Like Gravity(55)



“You were saying?” he whispered, amused.

I couldn’t remember my own name, let alone whatever nonsense I’d been spouting less than a minute before. Clearly, I had no idea what I was talking about – showers with Finn could never be anything but sexy.

Putting me down to stand on my own feet, he gently scrubbed my skin clean with my apple-scented body wash, removing every trace of paint from my body in a slow, sensual perusal. After he’d shampooed my hair, painstakingly massaging each dark curl until I was nearly purring like a kitten, I forced him to bend down so I could return the favor and wash his unruly mop. We reluctantly emerged from the shower only when our skin was no longer spackled cerulean and the water had run so cold I’d started to shiver.

Finn shut off the water and grabbed one of my large fluffy green towels, swathing it around me like a shroud before scooping me up into his arms and carrying me out of the bathroom. He unceremoniously dropped me onto my bed and slid in behind me. Pulling the comforter up over us, Finn adjusted my body so we were spooning, my back pressed fully against his front and every curve of our still-wet bodies perfectly aligned.

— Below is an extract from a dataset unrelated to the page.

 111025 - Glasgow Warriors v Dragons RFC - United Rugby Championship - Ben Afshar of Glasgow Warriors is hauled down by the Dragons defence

“Are we seriously spooning right now? Finn Chambers spoons?” I teased.

Finn was silent for a full minute, breathing quietly into my damp hair, and I again found myself wishing I could know what he was thinking or even just see the expression on his face. When he finally spoke, his voice cracked with restrained emotion.

“Finn Chambers doesn’t spoon unless it’s with Bee Turner,” he whispered, so quietly I nearly didn’t hear him. I couldn’t help it – my heart turned over in my chest at his words. He made me feel special, like all of this was a first for him as well. Like he wanted me for something more than just my body.

When he said things like that, it was impossible to push him away – even though a big part of me still wanted to. Normally, I’d have put up a fight about a guy trying to spoon with me – it was far too coupley, too affectionate, for my taste. In the past, I’d never have even brought a guy back to my apartment, let alone allowed him to sleep in my bed afterward. I’d always specifically chosen to follow guys to their places for sex, rather than bringing them here.

I hadn’t wanted them to know where I lived, what my room looked like. I hadn’t wanted them to know me, in any way except that most basic, physical way two people can know one another. As a general rule, I’d done everything possible to discourage future interaction and affection.

At the moment, though, I was too tired and far too satisfied to argue with Finn about our sleeping arrangements. Silencing the small part of my brain that was shrieking about boundaries and the dangers of commitment, I smiled and closed my eyes. Melting into Finn’s warm embrace, I was asleep within minutes.





Chapter Eleven


Narcissistic Asshole



Stepping out onto the porch, my small hand slipped into his larger one immediately. He was there on the steps, just like he’d been every night since the first time we’d met – the night he’d told me the legend of Andromeda.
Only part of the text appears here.